Despite the film was one of the first 25 films in 1989 to be selected for preservation in the United States National Film Registry and the Library of Congress, it did not win the best picture by the Academy Awards, but only the best directing for John Ford. It was also lowered two ranks in the top 100 films of American Film Institute, from 21 in 1998 down to 23 in 2007. Although the film is somewhat different than the novel in the second and ending parts, looking more optimistic with the clean government camp and also at the end the family finding 20 days job, it still stands out great with its great imagery, acting and focusing on the family as a unit under oppression and struggle for survival.
Conclusion:
In closing remarks “The Grapes of Wrath” one more time will be redefined based on the following criteria:
- Originality: “The Grapes of Wrath” although was originally a novel and was adapted for the screen, it was original and innovative in cinema. It was one of the first realism movement in films that opened the path later on for many, specially the neo-realism of Italian cinema after the world war II.
- Technicality: The technicality of “The Grapes of Wrath” is in its imagery, in its black and while color and cinematography that was able to depict John Steinbeck’s dark realistic novel on the silver screen. The great acting of Henry Fonda and the rest of the cast, are prototype of a style of acting that is not theatrical, but settle, soft, but at the same time very realistic and as cold as the life that it depicts. This style of technical acting without addition of theatrical spice could be seen later on in Henry Fonda himself, Daniel Day Lewis, Jeremy Irons and Tom Hanks.
- Impact Factor: “The Grapes of Wrath” in novel and film have had great and enduring impacts on many future novels, films, and other forms arts from music to plays, directly and indirectly. The impact of the novel and the film have not been just in the literary and art circle, but on the mass of people in US and all over the world at the time and years after.

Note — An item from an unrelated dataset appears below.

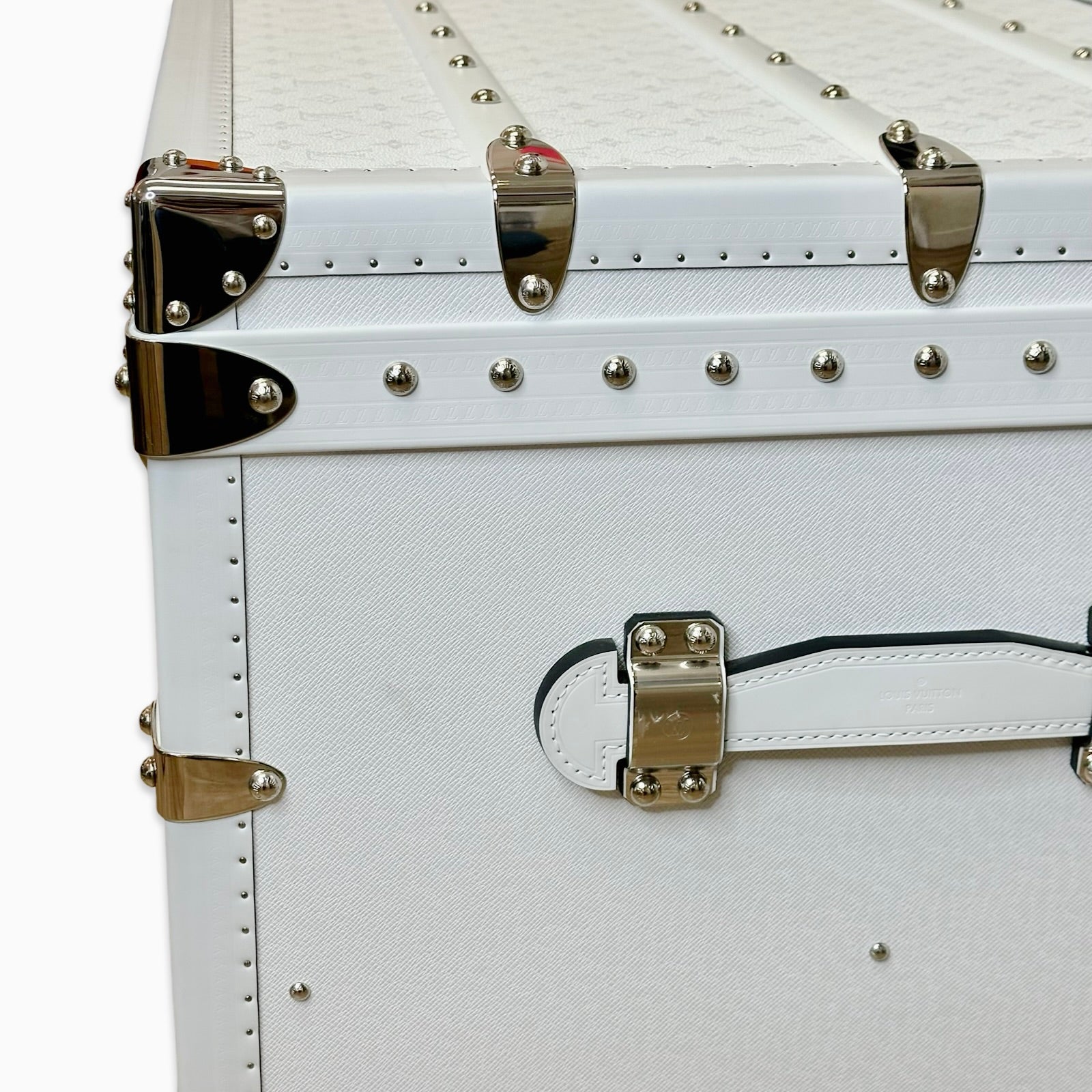 Louis Vuitton Monogram Malle Courrier Lozine 110 Trunk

- Survival: “The Grapes of Wrath” in novel and film have survived well to this day, as it is read in schools and colleges and viewed and reviewed again and again. Most importantly “The Grapes of Wrath” film has survived as an original masterpiece of realism on silver screen and a proud of American cinema to be the vanguard of such movement, despite the glamour of its Hollywood. In fact “The Grapes of Wrath” is the only film survivor of the Great Depression cause of migration of farmers across America to the promise land of California.